Famed Justus Drugstore restaurant will open in Kansas City with ‘extensive tastings’

Justus Drugstore is making a comeback but under a different concept than the original Smithville restaurant.

James Beard-nominated chef Jonathan Justus and his wife, Camille Eklof, drew customers from across the metro for their “farm-to-table, nose-to-tail” menu.

They later sold the building and closed the restaurant. Then they operated Black Dirt in the South Plaza for nearly two years before closing in late 2019.

They have been hosting private dinners in their Paradise, Missouri, home. Justus also has been consulting while Eklof has worked part time at a local restaurant.

One version of the home dinners is Justus’ four-course family-style event. The other version, which the couple do together, is for a dozen customers for 10 to 12 courses.

Both dinners are trial runs for the new Justus Drugstore concept.

“The restaurant world is our family, is our life,” he said. “Getting back into the business with the restaurant people, who have always supported us, and our clientele is like having our family back.”

They plan to open in a small restaurant space in midtown’s Hyde Park area in March or April. They will pick one of three spots offered by a local property owner — a big fan of Justus Drugstore.

The new Justus Drugstore will tentatively be open for dinner Wednesdays through Sundays. The menu will be posted online, and customers will prepay. Wednesdays will be the four-course family-style dinner with a monthly theme, perhaps 1920 New Orleans or Spanish tapas.

The other nights will be tastings of 10 to 12 courses using many seasonal ingredients.

“When people come to eat it is going to be a very intimate experience. Extensive tastings most nights,” Justus said.

A bar and lounge room will have later hours and seat 24 people.

Justus Drugstore originally opened in downtown Smithville in 2007.
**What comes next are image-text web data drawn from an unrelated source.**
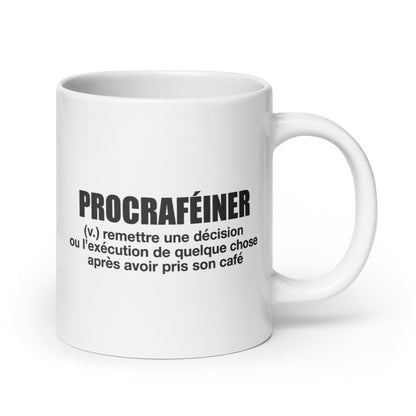 Procraféiner - Mug Blanc Brillant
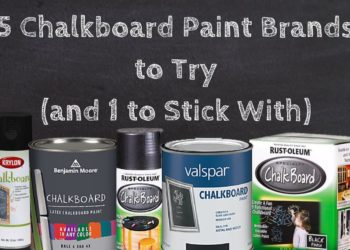 valspar chalkboard paint tips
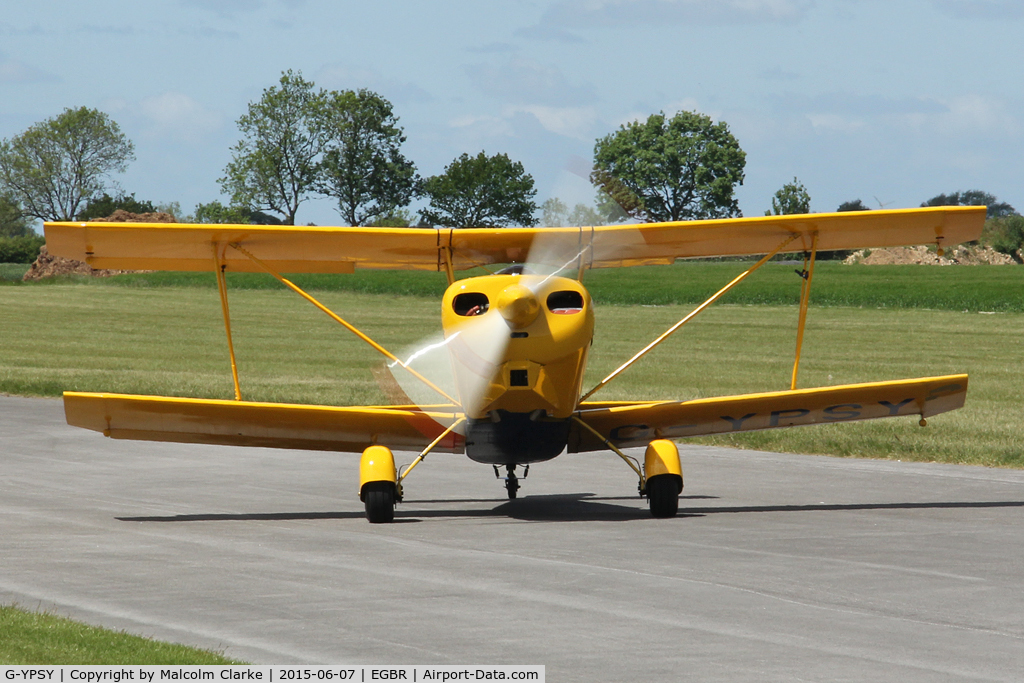 G-YPSY, 1988 Andreasson BA-4B C/N PFA 038-10352, Andreasson BA-4B at Breighton Airfield's Radial Fly-In. June 7th 2015.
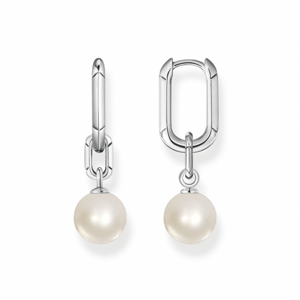 THOMAS SABO náušnice Links and pearls silver CR690-082-14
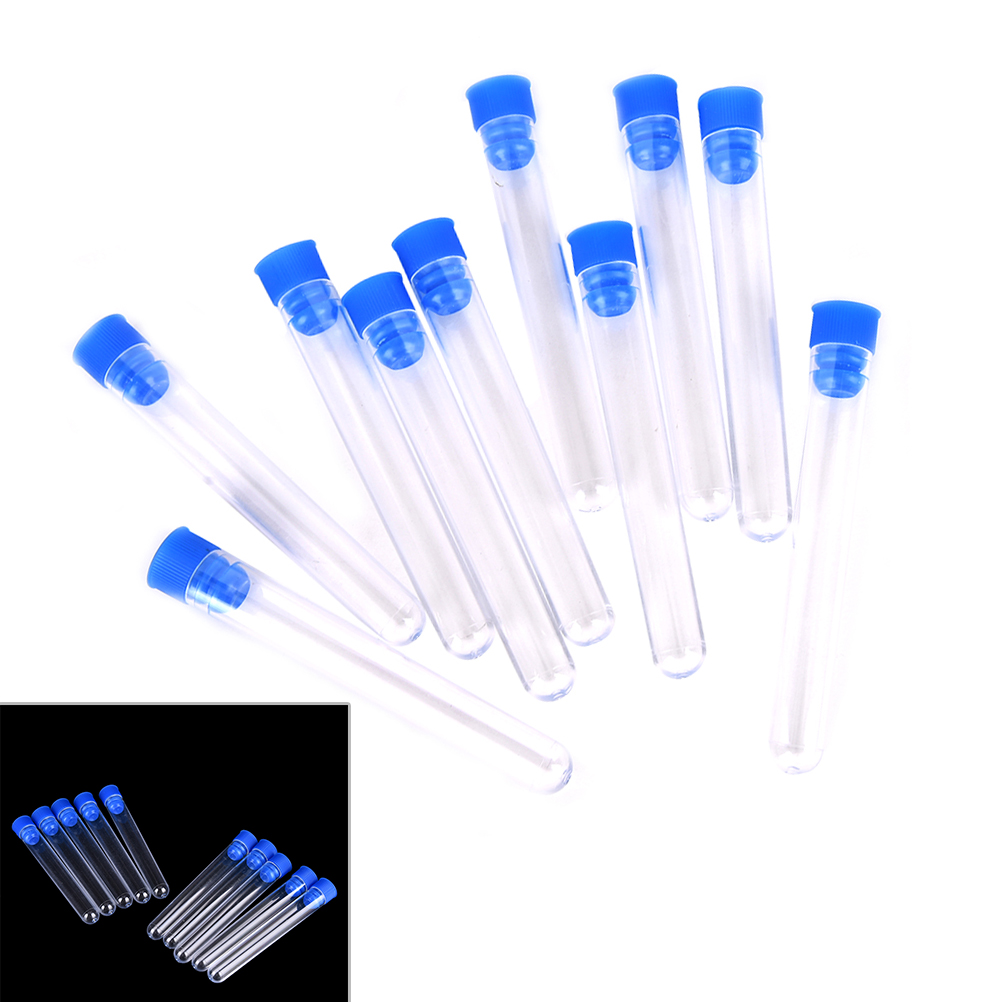 Centrifuge Tube Rack - 10 adet Şeffaf Plastik Test Tüpleri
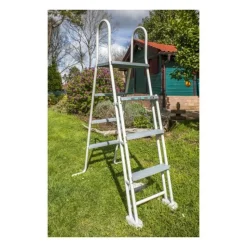 GRE - Piscine acier blanc fidji ovale 5,27 x 3,27 x 1,22 m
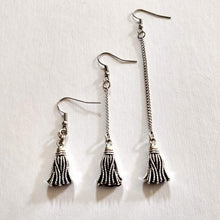 Load image into Gallery viewer, Metal Tassel Earrings, Your Choice of Threee Lengths, Long Dangle Chain Drop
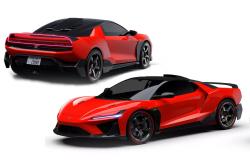 Honda NSX Tribute : Italdesign d�voile une NSX sublim�e et ultra-exclusive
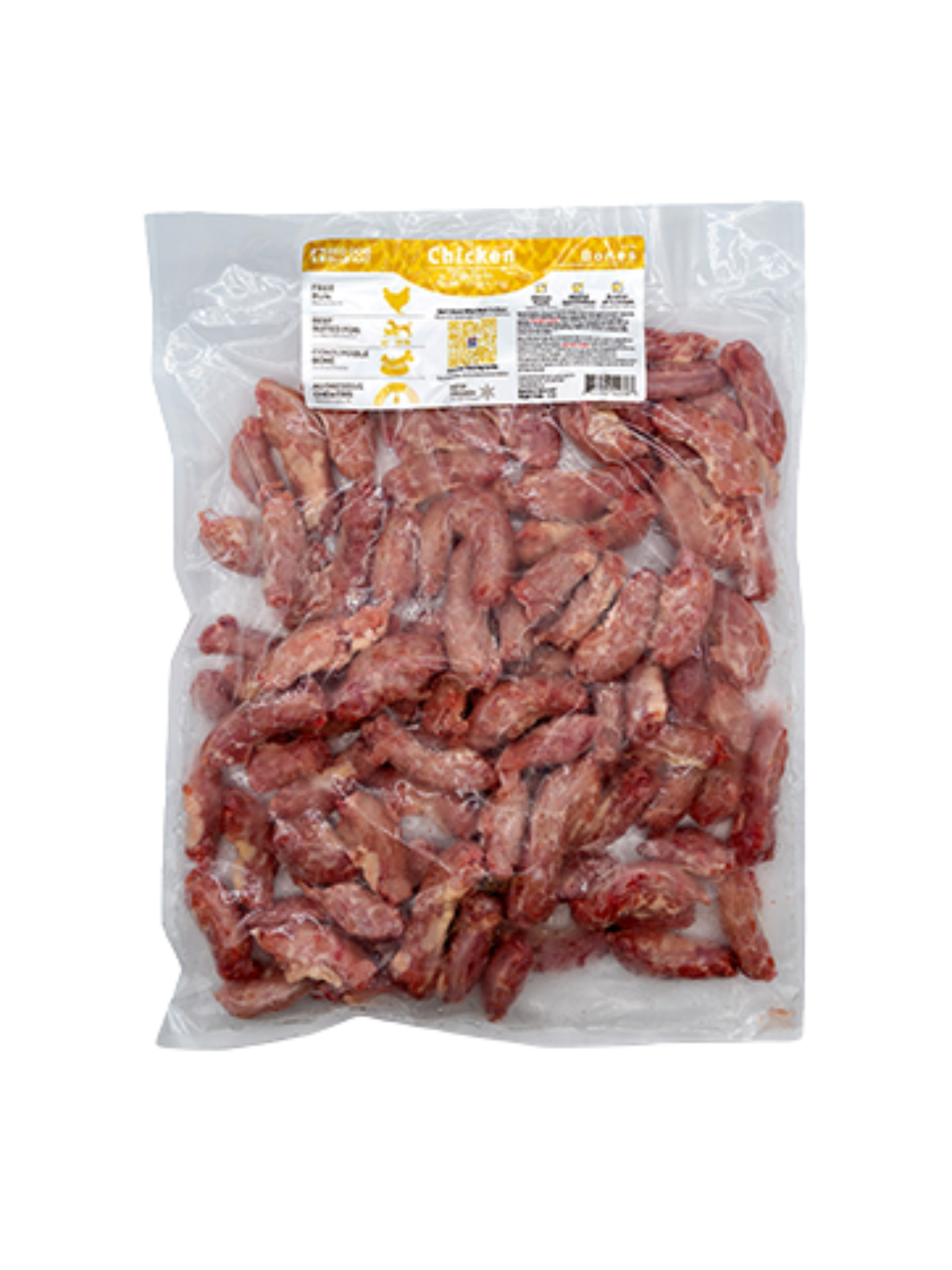 RDBK - Paquet de cou de poulet crue 4lbs. Bêtes Gourmandes, boutique spécialisée alimentation, éducation et sports pour chiens à Québec.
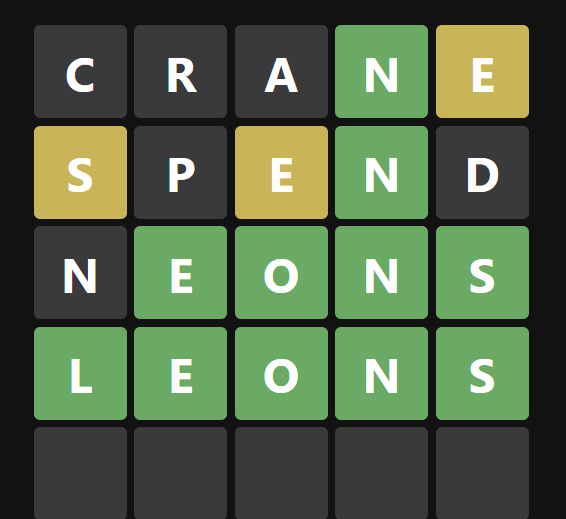 Leon's Wordle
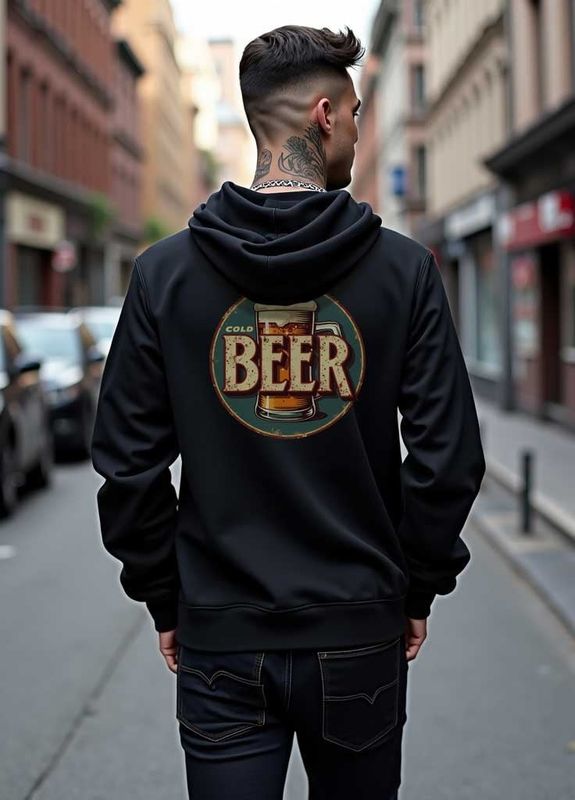 Cold beer - zipped hoodie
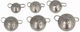 Golden Catch Tungsten Dismountable Sinker Set Natural 1-5g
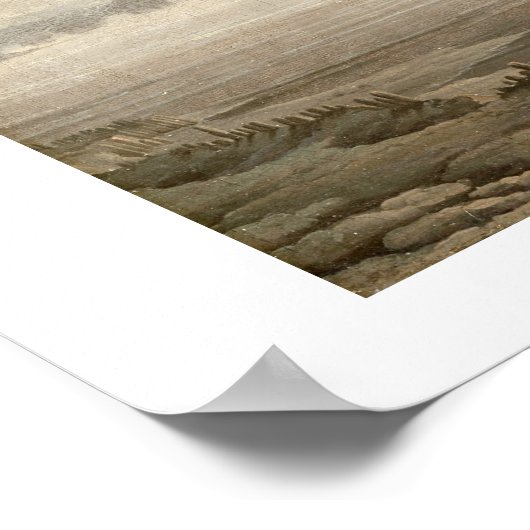 Schepen in Harbour, 1805 (olie op doek) Poster (Hoek)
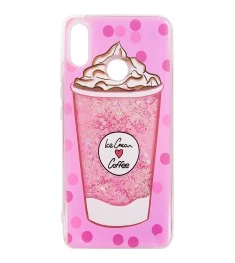 Силикон Liquid Fashion Huawei P Smart Plus / Nova 3i (Coffee)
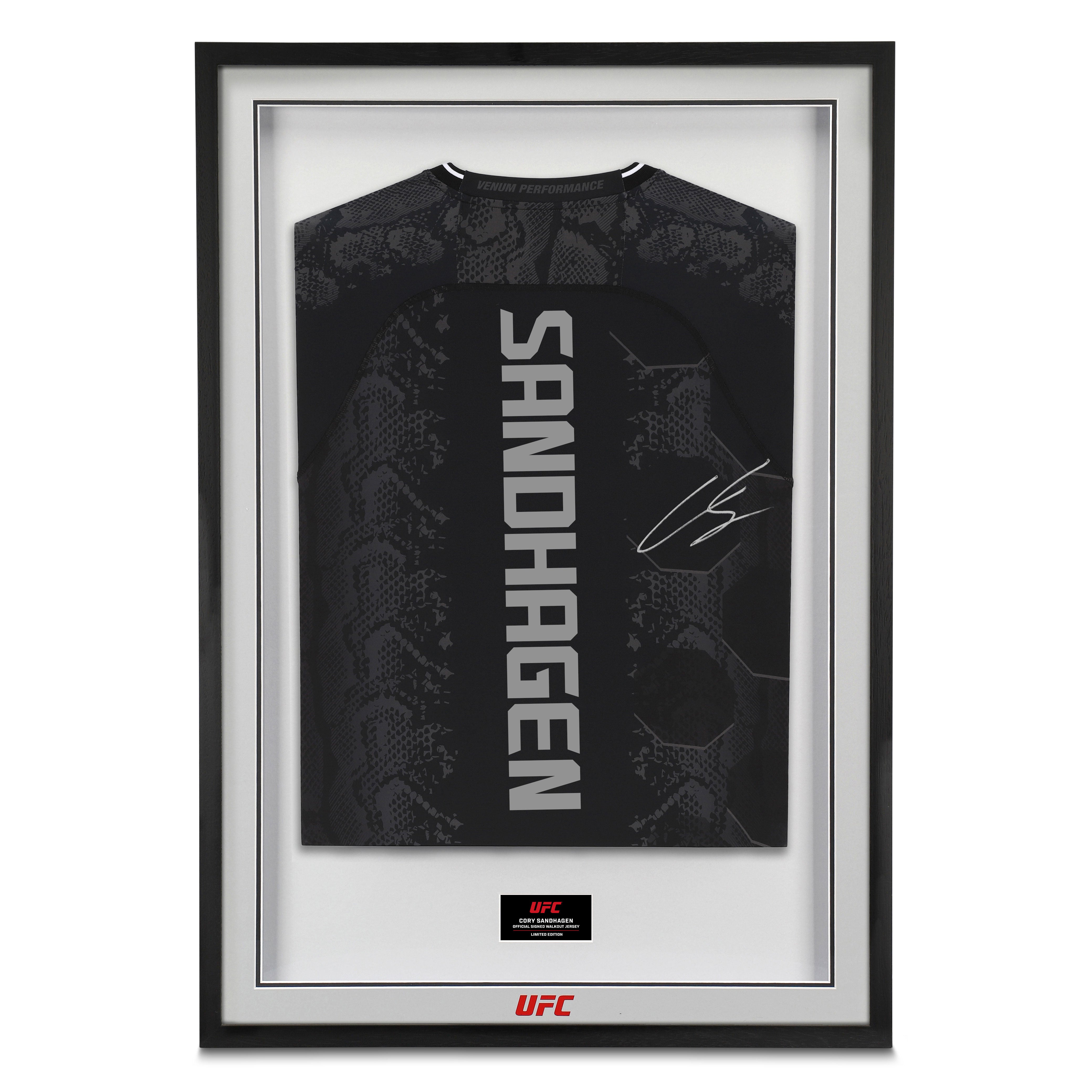 Cory Sandhagen Signed Black Fight Night Adrenaline Jersey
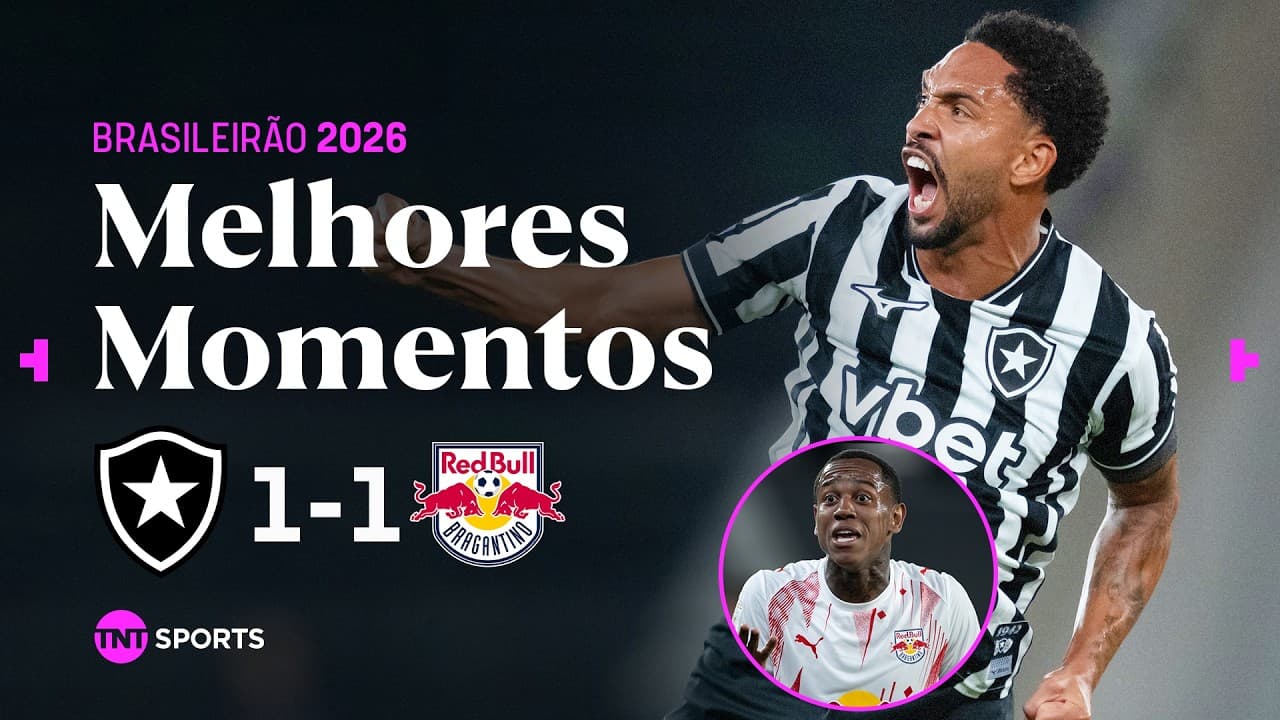 GOL CONTRA BIZARRO, EXPULSÃO E WALLACE YAN CHORA! BOTAFOGO 1 X 1 BRAGANTINO thumbnail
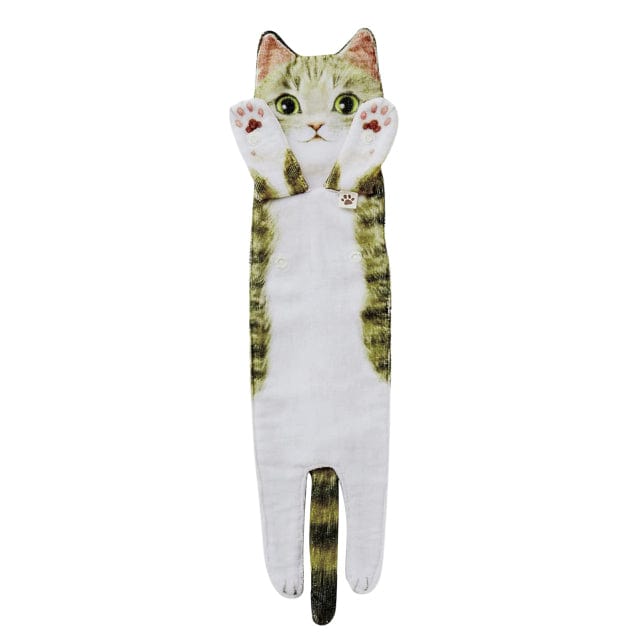 Hanging Cotton Towel with Cat Design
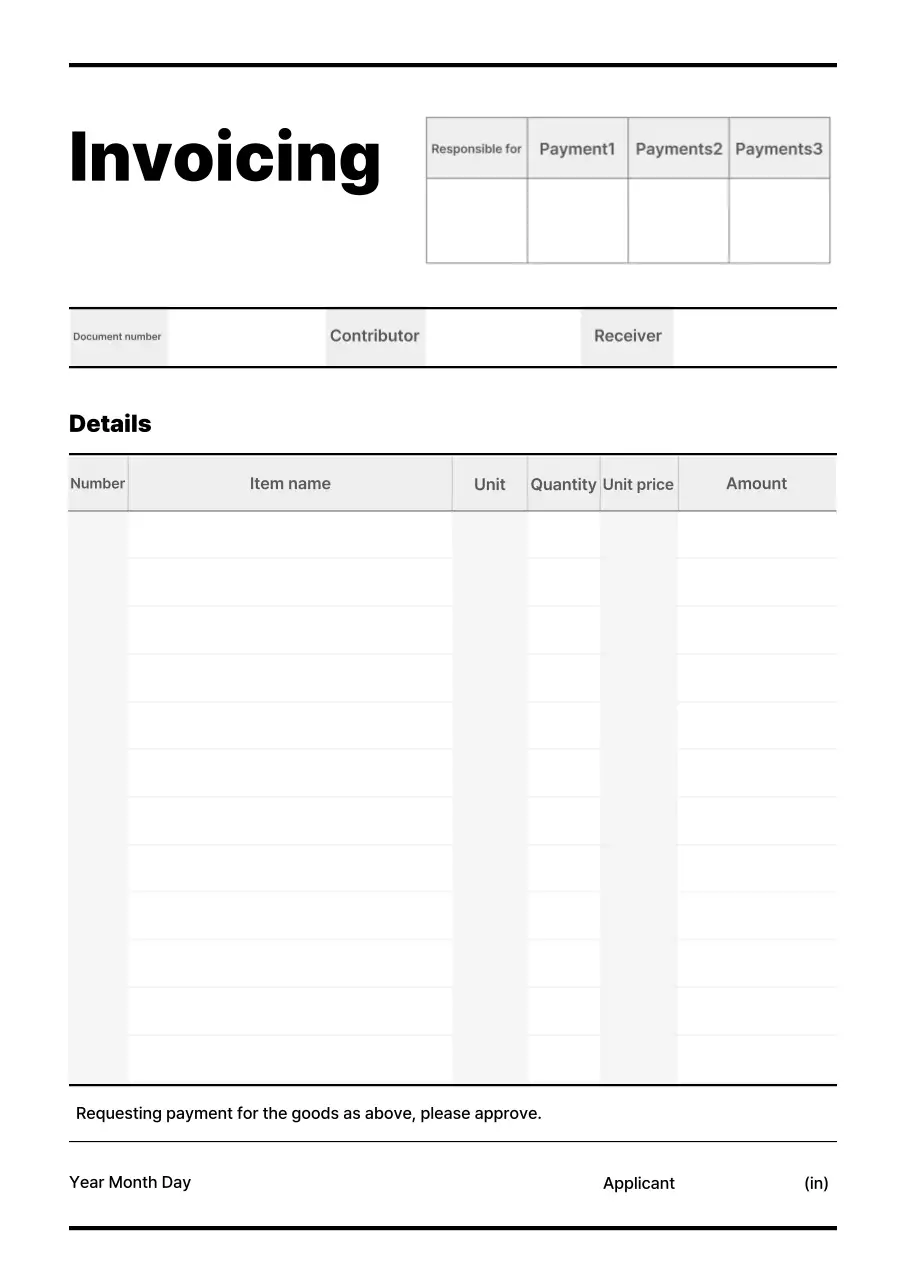 Tài liệu hóa đơn tối thiểu màu đen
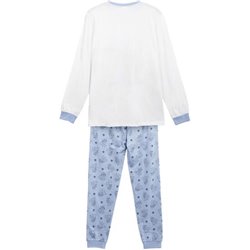 PIJAMA LARGO SINGLE JERSEY BLUEY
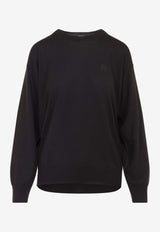 Logo-Embroidered Wool Sweater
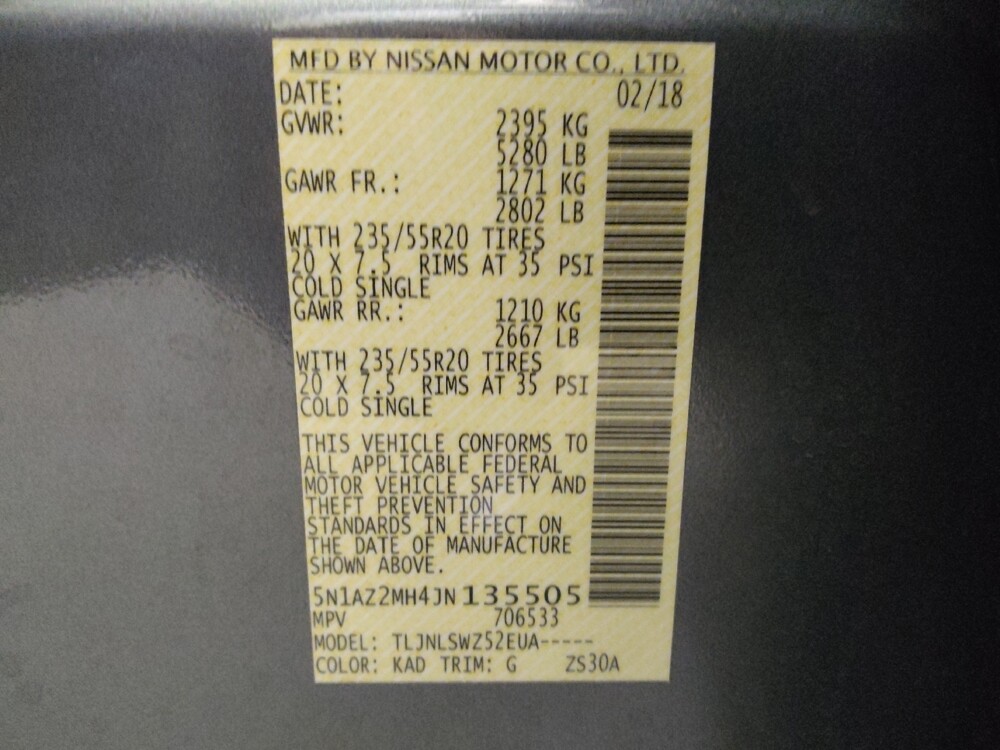 2018 Nissan Murano in Albuquerque, NM 87123 - 18088142 33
Justus said his great-great-grandfather once had a harness shop on the property. His grandfather relocated his Justus Drugstore to a new building on the site in 1955.

Another drugstore shut down in the building in mid-2006, just when Justus and Eklof were returning from working in France and were looking at various major cities to open a restaurant.

“During the early days of the Drugstore we slept there a lot on a blowup mattress,” Justus said. “I couldn’t afford to pay people overtime to do prep. So I would be doing it until 3 a.m. and then set an alarm for 5 or 6 and get up to put braised meat in the oven and go back to bed. Sometimes the staff would come in and wake us up. It was weird. Like people coming into our bedroom.”